With everything in one location, the victim has to get up the courage one time to get all of his/her needs met instead of having to build up that courage over and over again for every needed service. It’s also safer this way, with services at the FJC provided behind bullet-proof glass and walls, so the victim does not have to go place to place, exposing him/her to danger from the abuser.
It’s very clear that there is no duplication of service; instead the Family Justice Center promotes the efficient and effective use of limited resources. Less than 7 percent of those coming to the FJC were linked with shelter; most were able to be safe and move toward a healthy future without the disruption of going to a shelter.
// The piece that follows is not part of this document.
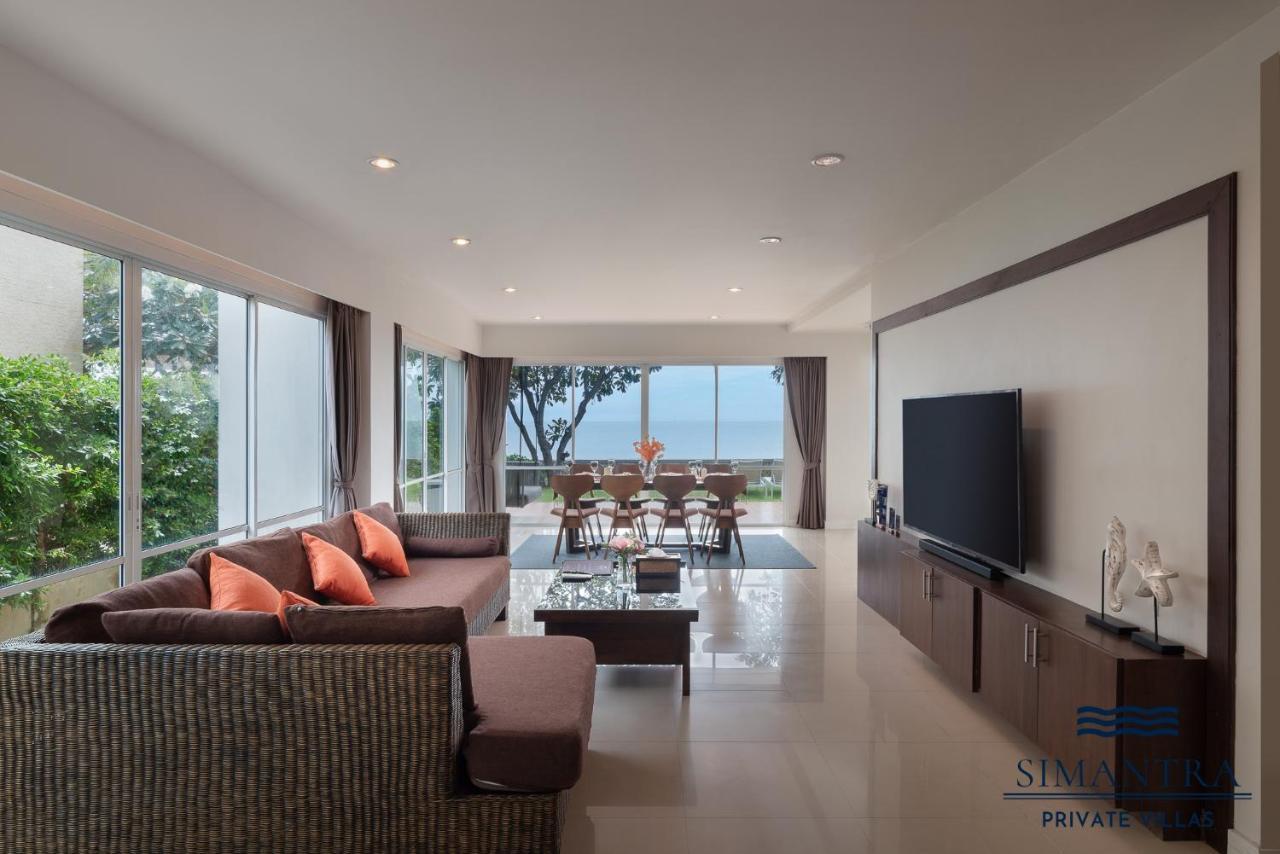 Simantra Private Villas ชะอำ ภายนอก รูปภาพ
With about 20 programs all working together as one team, the victim was able to get everything needed in a manageable way.
In order to house staff from a variety of agencies and programs, the FJC chose a location on one of the busiest bus lines in the county that was large enough to provide space for staff.
The results of the Family Justice Centers across the country are indisputable. Lives are saved and batterers are more likely to be held accountable. There are more than 80 in the United States, and almost 140 worldwide. Every one of the U.S.-based Family Justice Centers is completely or primarily funded by their county government. These communities recognize the importance of providing the FJC’s infrastructure for public safety, knowing that domestic violence is not only dangerous to the victim and family, but also to law enforcement and innocent bystanders.
The Children’s Board of Hillsborough County was the Family Justice Center’s largest funder for several years. Last year, the Children’s Board shifted its funding to primarily support agencies working with children up to age eight, which cut their support to the FJC by half. This cut resulted in a one-third shortfall in the annual budget.
FJC worked to make up that difference by reducing expenses as much as possible and doubling fundraising from the previous year.
In early June, there was a meeting with elected officials that resulted in a plan to shift some funding to the Family Justice Center. That plan was presented to the County Commission on July 17.
Instead of approving the funding measure, a motion was made to have county staff study the FJC finances and come back with a report within 60 days. As the FJC clearly would not survive another 60 days, supporters pleaded at the next County Commission meeting to award additional funding to the FJC, and were once again turned down. Five weeks later, the county staff presented an error-filled report to the County Commission; however, by that time, the FJC had closed and the Children’s Board had re-allocated its funding to other agencies.
Contrary to news reports that there was “mismanagement” at the Family Justice Center, the FJC staff and board were responsible in the use of funds. The Family Justice Center saves lives and should be funded by county government.
Nikki Daniels is executive director of the Family Justice Center.